No 1º de maio, Getúlio concedeu o aumento dos salários mínimos prometidos por Goulart, conclamando os trabalhadores a mobilizarem-se e participarem da política nacional. O nível de conscientização e organização dos trabalhadores, no entanto, não era suficiente para mobilizá-los, devido aos próprios entraves que o getulismo colocara anteriormente.

Embora nunca tivesse ficado provada a participação Getúlio, pessoas ligadas a ele tentaram assassinar Carlos Lacerda. Nesse episódio, que ficou conhecido como crime da rua Toneleros, foi morto o major da Aeronáutica Rubens Vaz. Ao se apurarem os acontecimentos, concluiu-se que o responsável era Gregório Fortunato, principal guarda-costas do presidente.
O país se agitava. O Exército exigia a renúncia do presidente. “Tenho a impressão de me encontrar sobre um mar de lama”, declarava Getúlio. No dia 22 de agosto de 1995, oficiais da Aeronáutica exigiam o afastamento do presidente; a seguir, o Exército e alguns outros setores da sociedade assinavam manifesto semelhante. No dia 24 pela manhã, um novo ultimato, dessa vez com a assinatura do ministro da Guerra, Zenóbio da Costa, foi entregue a Vargas.

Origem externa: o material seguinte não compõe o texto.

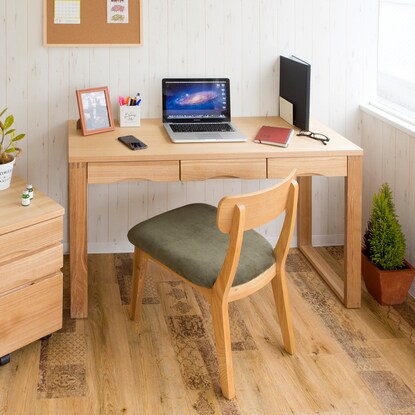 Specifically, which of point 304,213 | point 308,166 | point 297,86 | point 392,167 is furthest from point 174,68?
point 392,167

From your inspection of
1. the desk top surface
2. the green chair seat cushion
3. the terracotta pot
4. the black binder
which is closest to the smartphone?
the desk top surface

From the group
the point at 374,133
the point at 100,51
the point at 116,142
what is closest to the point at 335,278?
the point at 374,133

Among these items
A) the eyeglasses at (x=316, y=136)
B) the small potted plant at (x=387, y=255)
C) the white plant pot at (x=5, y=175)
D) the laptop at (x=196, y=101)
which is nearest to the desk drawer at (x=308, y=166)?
the eyeglasses at (x=316, y=136)

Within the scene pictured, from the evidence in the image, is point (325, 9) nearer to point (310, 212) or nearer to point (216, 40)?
point (216, 40)

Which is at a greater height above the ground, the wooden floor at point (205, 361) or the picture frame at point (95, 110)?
the picture frame at point (95, 110)

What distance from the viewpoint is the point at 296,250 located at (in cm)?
383

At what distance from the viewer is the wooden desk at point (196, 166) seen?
9.62 feet

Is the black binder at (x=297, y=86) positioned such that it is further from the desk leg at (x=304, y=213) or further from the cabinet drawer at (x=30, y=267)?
the cabinet drawer at (x=30, y=267)

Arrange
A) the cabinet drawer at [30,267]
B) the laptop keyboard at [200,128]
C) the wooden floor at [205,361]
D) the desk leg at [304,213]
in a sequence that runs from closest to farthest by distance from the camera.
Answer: the wooden floor at [205,361] < the cabinet drawer at [30,267] < the laptop keyboard at [200,128] < the desk leg at [304,213]

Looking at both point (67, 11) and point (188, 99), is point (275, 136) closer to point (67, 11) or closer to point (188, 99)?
point (188, 99)

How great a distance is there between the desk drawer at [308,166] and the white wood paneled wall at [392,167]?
1.25 feet

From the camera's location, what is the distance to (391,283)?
3.19 meters

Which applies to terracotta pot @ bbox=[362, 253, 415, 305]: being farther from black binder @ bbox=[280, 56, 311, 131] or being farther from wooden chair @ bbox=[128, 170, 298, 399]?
black binder @ bbox=[280, 56, 311, 131]

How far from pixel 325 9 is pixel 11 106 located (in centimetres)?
153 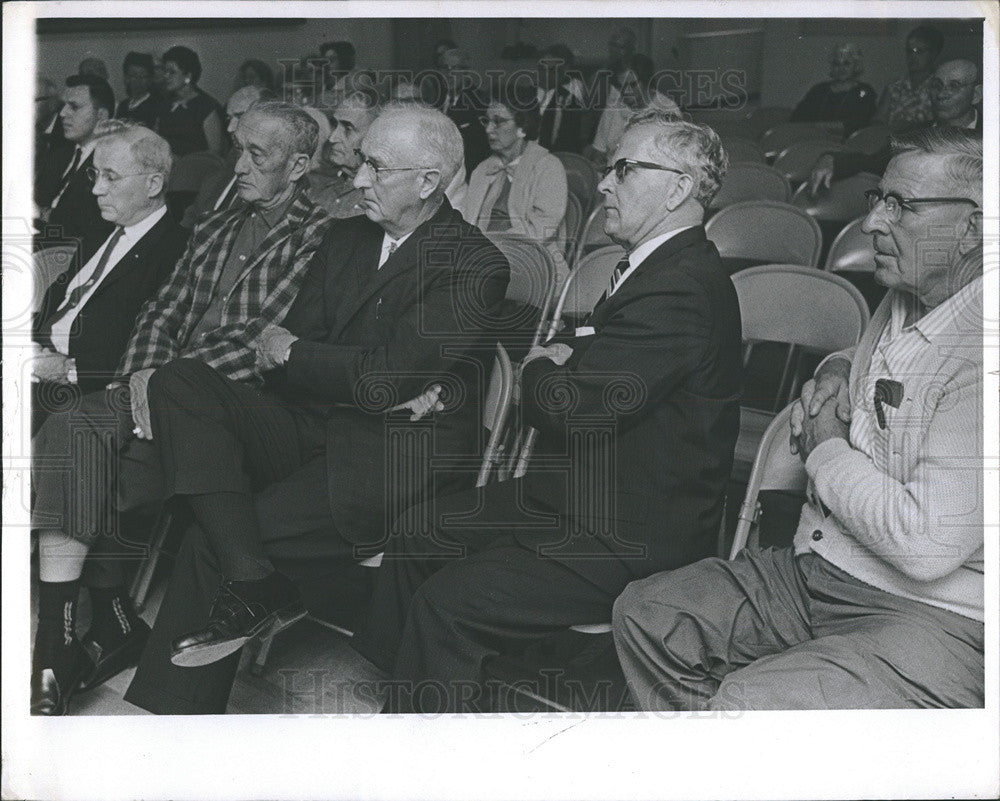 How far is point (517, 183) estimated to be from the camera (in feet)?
10.3

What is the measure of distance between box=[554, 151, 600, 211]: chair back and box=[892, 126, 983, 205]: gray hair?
0.82 meters

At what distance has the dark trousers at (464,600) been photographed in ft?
9.75

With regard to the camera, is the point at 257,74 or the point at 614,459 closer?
the point at 614,459

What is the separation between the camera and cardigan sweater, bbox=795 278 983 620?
2891 mm

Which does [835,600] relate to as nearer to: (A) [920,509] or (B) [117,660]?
(A) [920,509]

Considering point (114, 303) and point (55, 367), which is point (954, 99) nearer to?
point (114, 303)

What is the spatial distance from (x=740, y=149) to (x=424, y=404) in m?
1.11

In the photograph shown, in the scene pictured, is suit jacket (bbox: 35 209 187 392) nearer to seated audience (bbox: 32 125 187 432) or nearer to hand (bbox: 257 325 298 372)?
seated audience (bbox: 32 125 187 432)

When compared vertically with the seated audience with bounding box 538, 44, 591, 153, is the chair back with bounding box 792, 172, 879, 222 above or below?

Isolado no Palácio do Catete, este redigiu uma carta-testamento e suicidou-se com um tiro no peito.
Com a morte de Vargas, a presidência passou para o vice-presidente Café Filho, incumbido de completar o mandato, que se estenderia até o fim de 1955.
Para o novo mandato, o PSD e o PTB, procurando manter a herança getulista, realizaram um pacto lançado Juscelino Kubitschek de Oliveira para a presidência e João Goulart para vice-presidência. A UDN, em acordo com o Partido Democrata Cristão (PDC), apresentou Juarez Távora. Além desses, candidataram-se Ademar de Barros e o ultradireitista Plínio Salgado. Juscelino saiu-se vencedor, mas sua posse foi precedida de uma tentativa de uma tentativa golpista.
Com o afastamento de Café Filho, por motivos de saúde, assumiu o cargo o presidente da Câmara Carlos Luz, que, apesar de pessedista, era adversário de Juscelino. Suspeitando de uma tentativa de golpe, o então ministro da Guerra, general Henrique Teixeira Lott, ordenou que as forças do Exército ocupassem prédios públicos, estações de rádios e os principais jornais do Rio de Janeiro. Carlos Luz e os supostos golpistas da UDN refugiaram-se no navio Tamandaré. O poder passou ao presidente do Senado, Nereu Ramos, o que garantiu a posse de Juscelino e Goulart em 31 de janeiro de 1956.

Fonte: Luís César Amad Costa; Leonel Itaussu Mello – História de Brasil; Editora Scipione.